Wax testing on the final descent into the stadium during official training on Monday at the Canmore Nordic Centre in Canmore, Alberta. (Photo: Peggy Hung)

Wax testing on the final descent into the stadium during official training on Monday at the Canmore Nordic Centre in Canmore, Alberta. (Photo: Peggy Hung)

By Gerry Furseth

CANMORE, Alberta — Monday brought the first official training day at Canmore for the Ski Tour Canada.  Warm and sunny conditions greeted the athletes, bringing smiles to a lot of faces after some cold weather in the first week.
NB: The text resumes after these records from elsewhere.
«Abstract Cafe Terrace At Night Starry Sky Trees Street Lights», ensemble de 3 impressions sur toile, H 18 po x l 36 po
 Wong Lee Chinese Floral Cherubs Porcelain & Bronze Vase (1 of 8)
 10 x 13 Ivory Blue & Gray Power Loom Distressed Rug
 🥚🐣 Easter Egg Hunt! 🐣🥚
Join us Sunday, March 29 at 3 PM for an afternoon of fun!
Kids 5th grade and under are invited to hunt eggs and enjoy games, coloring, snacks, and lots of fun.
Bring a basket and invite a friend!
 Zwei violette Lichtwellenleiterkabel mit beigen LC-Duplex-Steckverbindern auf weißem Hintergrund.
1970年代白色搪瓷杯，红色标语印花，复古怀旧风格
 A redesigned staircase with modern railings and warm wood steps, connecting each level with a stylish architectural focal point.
The day started sunny and -2 degrees Celsius (28 Fahrenheit), quickly warming up as the day progressed.  This is fairly typical March weather at Canmore: below freezing at night and above freezing during the day. Away from the course, most of the snow has melted, but the skiing is still good, especially in the morning with fast, slightly crusty, tracks.

Skiers head out on the course and into the opening climb out of the stadium during official training on Monday at the Canmore Nordic Centre in Canmore, Alberta. (Photo: Peggy Hung)

Skiers head out on the course and into the opening climb out of the stadium during official training on Monday at the Canmore Nordic Centre in Canmore, Alberta. (Photo: Peggy Hung)

Almost all of the snow base is manmade; locals say that is what makes the trails so consistently firm this time of year. The Tuesday classic sprint, Wednesday skiathlon, and Friday skate distance races are all scheduled early enough to hit the prime conditions, with only the final pursuit on Saturday in the late afternoon.

The new sprint course looks like a lollipop with two laps around the head, with the start and finish sections are unchanged.  It seems much more double pole friendly than the old course, especially with fast snow. Listening to the wax testing, it seemed as if people weren’t finding one perfect pair of skis for the whole sprint course. Picking the right part of the course to select skis for may turn out to be critical.  For the men, choosing between classic and skate skis may be difficult.

The distance courses had highly varied conditions by the end of the afternoon. Some exposed sections at the bottom were nearly slush. The top of the course was still crusty and fast. The mid-elevation sections varied greatly by sun exposure, with crust, wet transformed snow, and sugar all represented. The final pursuit on Saturday afternoon is expected to have similar weather; if so, there could be some significant changes in standings.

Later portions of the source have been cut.